» To do: With the records in front of you, set every one of them down exactly.

(Saved entries)
-.-.-

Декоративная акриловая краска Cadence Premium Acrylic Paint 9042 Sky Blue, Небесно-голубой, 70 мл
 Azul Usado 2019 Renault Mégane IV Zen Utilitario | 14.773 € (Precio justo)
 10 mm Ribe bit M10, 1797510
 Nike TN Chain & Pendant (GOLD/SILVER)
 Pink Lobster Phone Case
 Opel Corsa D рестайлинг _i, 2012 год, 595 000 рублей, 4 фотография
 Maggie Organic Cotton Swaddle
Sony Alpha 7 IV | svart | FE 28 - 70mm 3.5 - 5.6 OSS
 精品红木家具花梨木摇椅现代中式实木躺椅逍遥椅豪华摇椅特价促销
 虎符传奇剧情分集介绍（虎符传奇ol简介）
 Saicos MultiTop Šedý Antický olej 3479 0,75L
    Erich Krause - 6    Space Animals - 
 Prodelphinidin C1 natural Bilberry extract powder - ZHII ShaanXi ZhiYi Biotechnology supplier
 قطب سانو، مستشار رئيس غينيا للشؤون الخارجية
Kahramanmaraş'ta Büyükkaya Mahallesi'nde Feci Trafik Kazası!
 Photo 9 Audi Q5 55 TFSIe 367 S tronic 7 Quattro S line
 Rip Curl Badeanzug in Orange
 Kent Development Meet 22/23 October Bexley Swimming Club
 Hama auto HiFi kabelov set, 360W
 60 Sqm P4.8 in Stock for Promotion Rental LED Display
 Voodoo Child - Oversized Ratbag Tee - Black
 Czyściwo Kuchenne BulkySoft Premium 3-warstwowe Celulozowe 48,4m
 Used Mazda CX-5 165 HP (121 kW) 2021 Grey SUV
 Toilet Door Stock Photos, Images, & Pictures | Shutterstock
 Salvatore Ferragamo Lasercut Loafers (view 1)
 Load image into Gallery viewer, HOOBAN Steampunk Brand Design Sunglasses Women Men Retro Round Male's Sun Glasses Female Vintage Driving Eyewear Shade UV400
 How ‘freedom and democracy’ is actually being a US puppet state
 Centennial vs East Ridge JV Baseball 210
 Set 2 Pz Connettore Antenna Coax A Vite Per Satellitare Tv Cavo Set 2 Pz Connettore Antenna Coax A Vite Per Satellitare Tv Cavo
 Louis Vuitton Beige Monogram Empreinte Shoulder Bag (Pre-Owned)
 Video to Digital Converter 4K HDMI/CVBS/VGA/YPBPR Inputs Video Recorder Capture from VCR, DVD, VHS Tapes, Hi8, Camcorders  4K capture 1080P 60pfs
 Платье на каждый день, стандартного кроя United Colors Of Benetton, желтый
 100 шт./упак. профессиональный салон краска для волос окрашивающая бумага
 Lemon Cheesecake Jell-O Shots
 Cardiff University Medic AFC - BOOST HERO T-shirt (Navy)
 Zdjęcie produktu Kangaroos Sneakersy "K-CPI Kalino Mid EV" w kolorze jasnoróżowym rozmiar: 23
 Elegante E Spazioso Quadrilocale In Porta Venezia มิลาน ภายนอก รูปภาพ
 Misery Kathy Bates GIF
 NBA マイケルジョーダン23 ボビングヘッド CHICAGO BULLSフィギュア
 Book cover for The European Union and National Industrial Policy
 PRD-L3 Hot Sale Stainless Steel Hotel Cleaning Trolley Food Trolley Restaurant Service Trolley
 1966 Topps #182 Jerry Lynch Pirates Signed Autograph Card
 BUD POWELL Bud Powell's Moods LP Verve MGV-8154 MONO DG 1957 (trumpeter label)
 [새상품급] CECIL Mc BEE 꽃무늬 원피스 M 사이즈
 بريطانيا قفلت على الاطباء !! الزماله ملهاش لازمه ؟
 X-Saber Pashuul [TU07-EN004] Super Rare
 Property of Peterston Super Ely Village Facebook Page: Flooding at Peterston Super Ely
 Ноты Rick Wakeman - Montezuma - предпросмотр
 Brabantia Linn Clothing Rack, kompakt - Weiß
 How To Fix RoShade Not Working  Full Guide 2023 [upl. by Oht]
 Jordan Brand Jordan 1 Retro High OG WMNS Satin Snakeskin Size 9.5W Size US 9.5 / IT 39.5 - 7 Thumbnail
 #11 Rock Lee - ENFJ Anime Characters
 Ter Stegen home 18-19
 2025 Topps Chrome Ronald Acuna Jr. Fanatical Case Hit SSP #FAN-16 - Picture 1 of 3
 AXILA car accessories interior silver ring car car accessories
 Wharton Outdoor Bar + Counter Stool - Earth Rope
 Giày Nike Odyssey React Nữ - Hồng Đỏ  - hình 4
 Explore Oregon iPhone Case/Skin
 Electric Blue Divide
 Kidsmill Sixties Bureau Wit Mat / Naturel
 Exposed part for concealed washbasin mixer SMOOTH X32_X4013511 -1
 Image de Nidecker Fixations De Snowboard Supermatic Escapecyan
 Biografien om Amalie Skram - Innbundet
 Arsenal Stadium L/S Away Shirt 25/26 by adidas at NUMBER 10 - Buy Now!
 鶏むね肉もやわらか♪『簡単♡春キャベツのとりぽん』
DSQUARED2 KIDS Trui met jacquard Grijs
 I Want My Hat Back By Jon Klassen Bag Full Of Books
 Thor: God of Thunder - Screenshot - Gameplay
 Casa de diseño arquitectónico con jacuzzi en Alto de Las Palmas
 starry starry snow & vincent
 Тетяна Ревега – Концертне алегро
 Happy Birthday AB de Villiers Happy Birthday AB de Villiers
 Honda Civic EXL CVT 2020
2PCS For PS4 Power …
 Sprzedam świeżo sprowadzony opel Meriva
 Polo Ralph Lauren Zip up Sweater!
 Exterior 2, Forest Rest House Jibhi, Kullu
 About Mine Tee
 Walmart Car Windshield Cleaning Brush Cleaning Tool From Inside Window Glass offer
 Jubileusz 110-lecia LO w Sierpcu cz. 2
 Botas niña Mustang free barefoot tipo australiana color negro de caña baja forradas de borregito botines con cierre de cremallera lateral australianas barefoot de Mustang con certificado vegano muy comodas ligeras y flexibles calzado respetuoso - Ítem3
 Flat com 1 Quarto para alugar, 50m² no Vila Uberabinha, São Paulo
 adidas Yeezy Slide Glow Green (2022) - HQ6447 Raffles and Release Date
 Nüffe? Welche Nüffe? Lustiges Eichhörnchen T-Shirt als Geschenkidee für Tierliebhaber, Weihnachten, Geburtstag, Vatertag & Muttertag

-.-.-

» Reply:
Декоративная акриловая краска Cadence Premium Acrylic Paint 9042 Sky Blue, Небесно-голубой, 70 мл
 Azul Usado 2019 Renault Mégane IV Zen Utilitario | 14.773 € (Precio justo)
 10 mm Ribe bit M10, 1797510
 Nike TN Chain & Pendant (GOLD/SILVER)
 Pink Lobster Phone Case
 Opel Corsa D рестайлинг _i, 2012 год, 595 000 рублей, 4 фотография
 Maggie Organic Cotton Swaddle
Sony Alpha 7 IV | svart | FE 28 - 70mm 3.5 - 5.6 OSS
 精品红木家具花梨木摇椅现代中式实木躺椅逍遥椅豪华摇椅特价促销
 虎符传奇剧情分集介绍（虎符传奇ol简介）
 Saicos MultiTop Šedý Antický olej 3479 0,75L
    Erich Krause - 6    Space Animals - 
 Prodelphinidin C1 natural Bilberry extract powder - ZHII ShaanXi ZhiYi Biotechnology supplier
 قطب سانو، مستشار رئيس غينيا للشؤون الخارجية
Kahramanmaraş'ta Büyükkaya Mahallesi'nde Feci Trafik Kazası!
 Photo 9 Audi Q5 55 TFSIe 367 S tronic 7 Quattro S line
 Rip Curl Badeanzug in Orange
 Kent Development Meet 22/23 October Bexley Swimming Club
 Hama auto HiFi kabelov set, 360W
 60 Sqm P4.8 in Stock for Promotion Rental LED Display
 Voodoo Child - Oversized Ratbag Tee - Black
 Czyściwo Kuchenne BulkySoft Premium 3-warstwowe Celulozowe 48,4m
 Used Mazda CX-5 165 HP (121 kW) 2021 Grey SUV
 Toilet Door Stock Photos, Images, & Pictures | Shutterstock
 Salvatore Ferragamo Lasercut Loafers (view 1)
 Load image into Gallery viewer, HOOBAN Steampunk Brand Design Sunglasses Women Men Retro Round Male's Sun Glasses Female Vintage Driving Eyewear Shade UV400
 How ‘freedom and democracy’ is actually being a US puppet state
 Centennial vs East Ridge JV Baseball 210
 Set 2 Pz Connettore Antenna Coax A Vite Per Satellitare Tv Cavo Set 2 Pz Connettore Antenna Coax A Vite Per Satellitare Tv Cavo
 Louis Vuitton Beige Monogram Empreinte Shoulder Bag (Pre-Owned)
 Video to Digital Converter 4K HDMI/CVBS/VGA/YPBPR Inputs Video Recorder Capture from VCR, DVD, VHS Tapes, Hi8, Camcorders  4K capture 1080P 60pfs
 Платье на каждый день, стандартного кроя United Colors Of Benetton, желтый
 100 шт./упак. профессиональный салон краска для волос окрашивающая бумага
 Lemon Cheesecake Jell-O Shots
 Cardiff University Medic AFC - BOOST HERO T-shirt (Navy)
 Zdjęcie produktu Kangaroos Sneakersy "K-CPI Kalino Mid EV" w kolorze jasnoróżowym rozmiar: 23
 Elegante E Spazioso Quadrilocale In Porta Venezia มิลาน ภายนอก รูปภาพ
 Misery Kathy Bates GIF
 NBA マイケルジョーダン23 ボビングヘッド CHICAGO BULLSフィギュア
 Book cover for The European Union and National Industrial Policy
 PRD-L3 Hot Sale Stainless Steel Hotel Cleaning Trolley Food Trolley Restaurant Service Trolley
 1966 Topps #182 Jerry Lynch Pirates Signed Autograph Card
 BUD POWELL Bud Powell's Moods LP Verve MGV-8154 MONO DG 1957 (trumpeter label)
 [새상품급] CECIL Mc BEE 꽃무늬 원피스 M 사이즈
 بريطانيا قفلت على الاطباء !! الزماله ملهاش لازمه ؟
 X-Saber Pashuul [TU07-EN004] Super Rare
 Property of Peterston Super Ely Village Facebook Page: Flooding at Peterston Super Ely
 Ноты Rick Wakeman - Montezuma - предпросмотр
 Brabantia Linn Clothing Rack, kompakt - Weiß
 How To Fix RoShade Not Working  Full Guide 2023 [upl. by Oht]
 Jordan Brand Jordan 1 Retro High OG WMNS Satin Snakeskin Size 9.5W Size US 9.5 / IT 39.5 - 7 Thumbnail
 #11 Rock Lee - ENFJ Anime Characters
 Ter Stegen home 18-19
 2025 Topps Chrome Ronald Acuna Jr. Fanatical Case Hit SSP #FAN-16 - Picture 1 of 3
 AXILA car accessories interior silver ring car car accessories
 Wharton Outdoor Bar + Counter Stool - Earth Rope
 Giày Nike Odyssey React Nữ - Hồng Đỏ  - hình 4
 Explore Oregon iPhone Case/Skin
 Electric Blue Divide
 Kidsmill Sixties Bureau Wit Mat / Naturel
 Exposed part for concealed washbasin mixer SMOOTH X32_X4013511 -1
 Image de Nidecker Fixations De Snowboard Supermatic Escapecyan
 Biografien om Amalie Skram - Innbundet
 Arsenal Stadium L/S Away Shirt 25/26 by adidas at NUMBER 10 - Buy Now!
 鶏むね肉もやわらか♪『簡単♡春キャベツのとりぽん』
DSQUARED2 KIDS Trui met jacquard Grijs
 I Want My Hat Back By Jon Klassen Bag Full Of Books
 Thor: God of Thunder - Screenshot - Gameplay
 Casa de diseño arquitectónico con jacuzzi en Alto de Las Palmas
 starry starry snow & vincent
 Тетяна Ревега – Концертне алегро
 Happy Birthday AB de Villiers Happy Birthday AB de Villiers
 Honda Civic EXL CVT 2020
2PCS For PS4 Power …
 Sprzedam świeżo sprowadzony opel Meriva
 Polo Ralph Lauren Zip up Sweater!
 Exterior 2, Forest Rest House Jibhi, Kullu
 About Mine Tee
 Walmart Car Windshield Cleaning Brush Cleaning Tool From Inside Window Glass offer
 Jubileusz 110-lecia LO w Sierpcu cz. 2
 Botas niña Mustang free barefoot tipo australiana color negro de caña baja forradas de borregito botines con cierre de cremallera lateral australianas barefoot de Mustang con certificado vegano muy comodas ligeras y flexibles calzado respetuoso - Ítem3
 Flat com 1 Quarto para alugar, 50m² no Vila Uberabinha, São Paulo
 adidas Yeezy Slide Glow Green (2022) - HQ6447 Raffles and Release Date
 Nüffe? Welche Nüffe? Lustiges Eichhörnchen T-Shirt als Geschenkidee für Tierliebhaber, Weihnachten, Geburtstag, Vatertag & Muttertag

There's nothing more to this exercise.